Catch-up TV, pizzas, movies and games. All coming to a TiVo box in its renewed sales push.

TiVo plans to add a catch-up TV service next year for Channel Seven shows with hopes to add other free-to-air networks.

“Our goal for next year is absolutely TV via broadband,” Ms Minicola said. “Catch-up TV is a critical thing.”

Seven is repositioning TiVo as a media centre rather than just a digital video recorder, and yesterday launched new services including a daily horoscope, free movie downloads, a photo-sharing service, and a series of games, including Sudoku.

It is also adding Nova and Vega radio and done a deal with Domino’s to enable people to order pizzas through their set-top box.

But TiVo boss Robbee Minicola has defended sales while she won’t reveal how many have been sold.

She says more than 4000 TiVo sets were sold in just the first month and it’s been a “fantastic success”.

Seven Media Group, which owns TiVo’s licensee Hybrid Television Services, has also refused to give an official number for sales, but a spokesman says the current number is about 20,000.

Source: The Australian, The Age

15 Responses

  1. I’m still on dialup.
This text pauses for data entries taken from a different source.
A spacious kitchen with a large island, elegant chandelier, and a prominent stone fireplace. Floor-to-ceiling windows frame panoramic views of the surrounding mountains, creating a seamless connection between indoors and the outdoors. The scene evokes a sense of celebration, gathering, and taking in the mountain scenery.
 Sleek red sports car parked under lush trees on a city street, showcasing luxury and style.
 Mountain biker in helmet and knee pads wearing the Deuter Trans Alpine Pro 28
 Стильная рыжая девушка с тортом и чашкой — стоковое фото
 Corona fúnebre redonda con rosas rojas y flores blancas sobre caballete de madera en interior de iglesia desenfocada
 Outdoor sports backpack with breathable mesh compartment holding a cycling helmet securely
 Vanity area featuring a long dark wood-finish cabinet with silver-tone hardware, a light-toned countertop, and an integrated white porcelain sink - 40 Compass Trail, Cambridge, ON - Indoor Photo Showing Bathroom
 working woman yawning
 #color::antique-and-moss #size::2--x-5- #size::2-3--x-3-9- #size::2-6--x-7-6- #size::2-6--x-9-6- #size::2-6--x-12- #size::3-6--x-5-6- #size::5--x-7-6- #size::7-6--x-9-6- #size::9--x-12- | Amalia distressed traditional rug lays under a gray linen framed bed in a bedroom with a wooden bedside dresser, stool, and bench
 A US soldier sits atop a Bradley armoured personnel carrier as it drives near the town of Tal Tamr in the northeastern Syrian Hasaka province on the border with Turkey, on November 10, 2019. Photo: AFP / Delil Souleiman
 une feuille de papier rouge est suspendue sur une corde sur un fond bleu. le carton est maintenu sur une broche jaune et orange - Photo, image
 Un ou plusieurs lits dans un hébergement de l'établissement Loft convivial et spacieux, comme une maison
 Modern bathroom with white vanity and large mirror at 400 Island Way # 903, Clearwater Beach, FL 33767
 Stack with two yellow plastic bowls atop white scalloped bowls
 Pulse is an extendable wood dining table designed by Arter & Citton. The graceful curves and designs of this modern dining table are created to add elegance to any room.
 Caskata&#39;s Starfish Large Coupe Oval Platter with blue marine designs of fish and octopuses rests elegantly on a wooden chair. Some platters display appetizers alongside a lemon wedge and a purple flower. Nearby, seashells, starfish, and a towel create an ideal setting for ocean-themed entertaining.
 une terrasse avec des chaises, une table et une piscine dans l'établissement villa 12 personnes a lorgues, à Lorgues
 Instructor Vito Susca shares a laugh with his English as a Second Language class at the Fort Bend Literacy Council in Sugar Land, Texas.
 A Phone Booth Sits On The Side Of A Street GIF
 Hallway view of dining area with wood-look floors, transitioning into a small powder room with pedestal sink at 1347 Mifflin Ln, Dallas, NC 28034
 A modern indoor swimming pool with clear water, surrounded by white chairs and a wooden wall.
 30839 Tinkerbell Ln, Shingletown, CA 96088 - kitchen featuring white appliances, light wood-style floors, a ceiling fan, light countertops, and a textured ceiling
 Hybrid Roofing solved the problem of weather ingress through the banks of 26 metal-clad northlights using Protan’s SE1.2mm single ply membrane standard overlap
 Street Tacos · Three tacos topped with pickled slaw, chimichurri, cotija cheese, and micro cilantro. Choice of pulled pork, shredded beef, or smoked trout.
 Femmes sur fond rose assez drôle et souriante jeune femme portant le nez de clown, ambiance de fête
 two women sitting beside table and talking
Unless Seven want to pay me $100 a month for some decent broadband, I don’t think so.

    Blame Telstra, they own the phone lines and infrastructure in Australia. If the government wasn’t so quick for a buc and didn’t privatise most of Telstra, maybe they would still have some controll about the ballooning fees and dwindling service.

  2. I don’t get the “make it cheaper” argument.

    I’ve been looking for a HD tuner/PVR for this Christmas and TiVo seems of decent value. (The HDD size obviously being the biggest stumbling block.)

    My quick search at retaillers sees a PVR with 2 high-def tuners starts at $800-ish. And they don’t have the UI and software features of TiVo. To comparitively compare software, you’d look at IceTV. Their PVRs start at $900.

    So what’s so wrong with TiVo?

  3. I have a Tivo and welcome any add-on services from which I can pick and choose (no-one is forcing me to use them). The HDD may not be big enough for some – but how much TV do you want to keep/watch?

  4. “Now all they need to do is wait for the sort of “broadband” most people in this country have to “catch up” to the rest of the world in terms of both speed and especially ridiculous download limits.”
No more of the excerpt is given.